What’s it about: Professor Nightshade - tea time terror for all the family, and the most loved show in Britain. But Professor Nightshade's days are long over, and Edmund Trevithick is now just an unemployed actor in a retirement home, fondly remembering his past. It's the same through the entire village of Crook Marsham - people are falling prey to their memories. At first harmlessly, and then, the bodies begin to turn up. The Doctor and Ace arrive on the scene - but, with the Doctor planning his retirement, it may be time for Professor Nightshade to solve one last case.

The Real McCoy:
Whereas Ace finds it grim, the Doctor considers the North characterful. The TARDIS food dispenser is all very well but sometimes you can’t beat a good British cuppa. The Doctor is starting to think that he is a selfish old Time Lord that is keeping Ace from better things, an ironic statement given what is about to happen in their lives. There’s not a day that passes where he doesn’t think of Susan. He’s in a wistful mood, thinking about settling down and retiring. Just for a few centuries, somewhere away from death. He calls his adventures ‘aimless wandering.’ Much like Peter Capaldi’s Doctor in his first season, he questions whether he is a good force. It’s great to hear the usually sanctimonious and heartless NA 7th Doctor questioning whether he has the right to interfere as much as he has been. It’s Ace that snaps him out of that thinking, and it’s Ace who will condemning him for those faults in the not too distant future. He generally describes Gallifrey as a dreary hole. It’s a bureaucratic nightmare but its hearts are in the right places. How strange to hear the Doctor saying there is nothing he can do to help…could it be that he really means it when he suggests he’s ready to put down roots and stop meddling? He can’t quite help himself when a body presents itself. He’s terribly irritable at times, unusually so with Ace. He’s a scientist, philanthropist, explorer and general do-gooder. Waltzing in and telling people what to do is the story of his life. He’s furious when Ace comes blundering in with her nitro nine just as he was beginning to understand the creature they are facing.
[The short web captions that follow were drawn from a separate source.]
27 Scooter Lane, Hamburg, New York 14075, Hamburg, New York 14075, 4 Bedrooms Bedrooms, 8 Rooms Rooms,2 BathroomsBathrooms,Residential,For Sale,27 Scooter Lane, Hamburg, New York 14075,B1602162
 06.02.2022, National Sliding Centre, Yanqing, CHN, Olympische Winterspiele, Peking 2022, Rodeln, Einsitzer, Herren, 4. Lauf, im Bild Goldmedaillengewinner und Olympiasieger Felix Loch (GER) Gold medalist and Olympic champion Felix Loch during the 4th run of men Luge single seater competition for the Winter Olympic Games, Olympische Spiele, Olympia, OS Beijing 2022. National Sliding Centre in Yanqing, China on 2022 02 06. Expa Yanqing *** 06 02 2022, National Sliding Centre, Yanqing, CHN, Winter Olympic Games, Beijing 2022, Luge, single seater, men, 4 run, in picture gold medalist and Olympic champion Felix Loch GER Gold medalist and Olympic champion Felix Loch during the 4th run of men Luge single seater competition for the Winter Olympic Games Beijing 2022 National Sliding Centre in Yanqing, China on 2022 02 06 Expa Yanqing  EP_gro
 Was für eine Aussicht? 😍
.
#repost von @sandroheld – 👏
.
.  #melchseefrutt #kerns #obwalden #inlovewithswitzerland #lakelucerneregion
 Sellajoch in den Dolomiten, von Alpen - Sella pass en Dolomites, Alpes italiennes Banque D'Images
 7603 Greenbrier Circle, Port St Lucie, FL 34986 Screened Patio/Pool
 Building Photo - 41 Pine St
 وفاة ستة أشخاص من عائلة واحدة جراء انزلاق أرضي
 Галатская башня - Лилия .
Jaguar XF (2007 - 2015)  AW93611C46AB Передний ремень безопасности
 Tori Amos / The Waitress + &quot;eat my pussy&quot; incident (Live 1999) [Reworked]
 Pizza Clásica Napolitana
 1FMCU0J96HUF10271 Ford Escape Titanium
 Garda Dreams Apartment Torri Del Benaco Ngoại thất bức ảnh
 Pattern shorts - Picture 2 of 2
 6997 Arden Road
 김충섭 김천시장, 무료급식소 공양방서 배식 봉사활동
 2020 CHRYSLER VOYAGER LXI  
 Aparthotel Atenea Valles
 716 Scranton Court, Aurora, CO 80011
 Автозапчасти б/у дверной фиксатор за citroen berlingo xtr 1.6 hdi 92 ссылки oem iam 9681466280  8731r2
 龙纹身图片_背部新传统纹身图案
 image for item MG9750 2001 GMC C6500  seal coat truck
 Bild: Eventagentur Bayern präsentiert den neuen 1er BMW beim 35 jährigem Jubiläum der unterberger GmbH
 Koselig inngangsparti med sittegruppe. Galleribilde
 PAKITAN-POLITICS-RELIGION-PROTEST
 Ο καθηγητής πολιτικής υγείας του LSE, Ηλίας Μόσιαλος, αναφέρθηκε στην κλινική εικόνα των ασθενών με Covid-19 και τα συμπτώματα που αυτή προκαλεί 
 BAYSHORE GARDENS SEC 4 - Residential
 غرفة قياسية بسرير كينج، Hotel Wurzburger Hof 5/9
The Doctor agonises about getting involved again, about letting people down and getting them killed. There is a real feeling of the universe weighing heavily on him at the moment, almost as if he knows the momentous and out of character role he is going to be forced to play as Times Champion. It’s gorgeous listening to McCoy playing the ‘one day I will come back’ scene from The Dalek Invasion of Earth. He can’t seem to tear himself away from being the Doctor. He helps people, that’s what he does.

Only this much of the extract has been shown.